There is nothing here in UNDERWORLD that passes for a plot. Not really. DeLillo builds his edifice with vignettes, short clipped sections, sometimes abruptly shifting in person, place and time. UNDERWORLD is visual, cinematic, in style. His dialogue, unlike any author I’ve read, rings true, authentic, and captures that pragmatic, nonverbal element in conversation, the way shared histories, context, and physical gestures fill in the gaps. And then there’s the conversations that don’t click at all, people just talking past one another.
But something else important happened on that day when Thompson hit the home run, something of a more ominous sort that would change lives: the Soviet Union exploded their first atomic bomb. Another “shot heard round the world.”
From the 1951 events, the Giants-Dodgers game and the Soviet test explosion, DeLillo jumps to 1992 and the Arizona desert and a group of artists using mothballed B-52s as their canvass. From there, the novel moves backward chronologically, back to 1951. Was this to mimic the countdown of a rocket, or atomic blast? No matter, it works.
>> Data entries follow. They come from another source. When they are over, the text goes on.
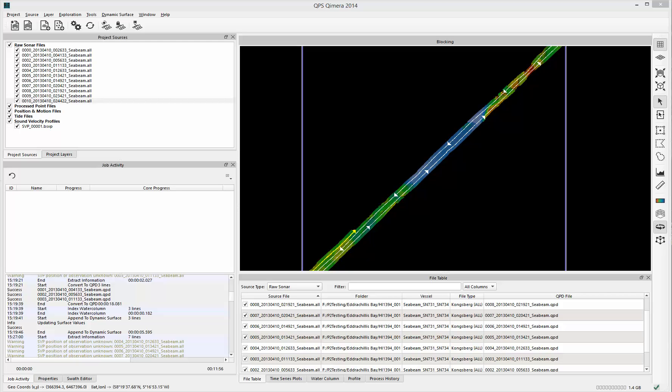This Chimera video is all about Swath Editor, which is the traditional line-by-line data editing mode that has been superseded by area-based editing. However, Swath Editor can be very useful and I'll show you how.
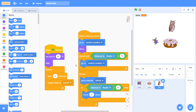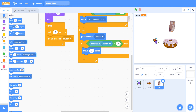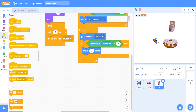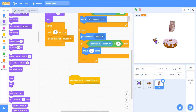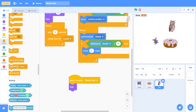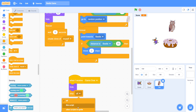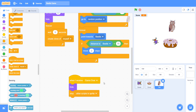After this, we must add another event: 'when I receive game over'. Go to Looks and add hide. Then take 'stop other scripts in sprite' to stop the owl's scripts. This handles when the game ends.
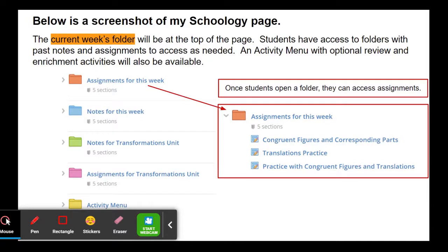Below is a screenshot of my Schoology page. The current week's folder will be at the top of the page. Students will have access to folders with past notes and assignments as they need them, and an activity menu with optional review and enrichment activities will also be available. At the top you can see assignments for this week, and when students click on that they can see the different assignments being given. There's also a folder for the week's notes — I'll put in a blank set of notes for students to complete, and if a student is absent I'll upload a completed set. At the end of each week, I'll move those items into the appropriate unit folder, such as notes or assignments for transformations. There's also an activity menu at the bottom for students who want extra review or enrichment.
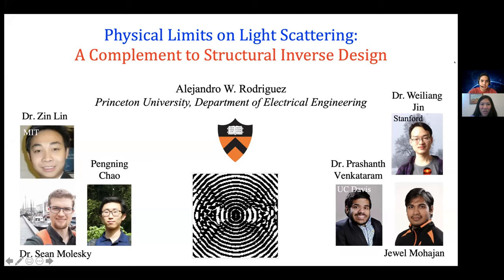It gives me great pleasure to introduce Professor Alejandro Rodriguez. Professor Rodriguez is an Associate Professor of Electrical Engineering and the Director of the Program in Material Science and Engineering at Princeton University. He received bachelor's and PhD degrees in physics at MIT in 2006 and 2010 respectively, and was a postdoctoral fellow at Harvard University.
We see some of the characters in their full development in 1992, then over the next 700+ pages learn how they got that way.
It’s a huge cast of characters, many historical figures like J. Edgar Hoover, Frank Sinatra, Lenny Bruce, Jackie Gleason, and Harry Caray.
If there is an overriding theme or motif in the novel, it is the obsession with trash. Garbage. Where the home run baseball is the antithesis of trash - a treasured piece of baseball history - the atomic bomb has the ability to turn the world to trash. And then there’s the problem of the spent plutonium, that ultimate of all hazardous wastes. Even one of the main characters, Nick Shay, owner of the 1951 baseball, works for an international waste company.
The Jesuits taught me to examine things for second meanings and deeper connections. Were they thinking about waste? We were waste managers, waste giants, we processed universal waste. Waste has a solemn aura now, an aspect of untouchability. White containers of plutonium waste with yellow caution tags. Handle carefully. Even the lowest household trash is closely observed. People look at their garbage differently now, seeing every bottle and crushed carton in a planetary context. 
The writing is as good as it gets. And while there is certainly joy in the first reading, I’m finding it equally entertaining after turning that final page to return to the first chapters and reacquaint myself with the characters I just left, forty years older in DeLillo’s reverse chronology, and a few months after I’d begun reading. Like a lot of post-modern literature, UNDERWORLD isn’t for those looking for linear plotting, or plotting at all, for that matter. And the characters are not particularly fleshed out. But the journey is certainly worth the time and effort.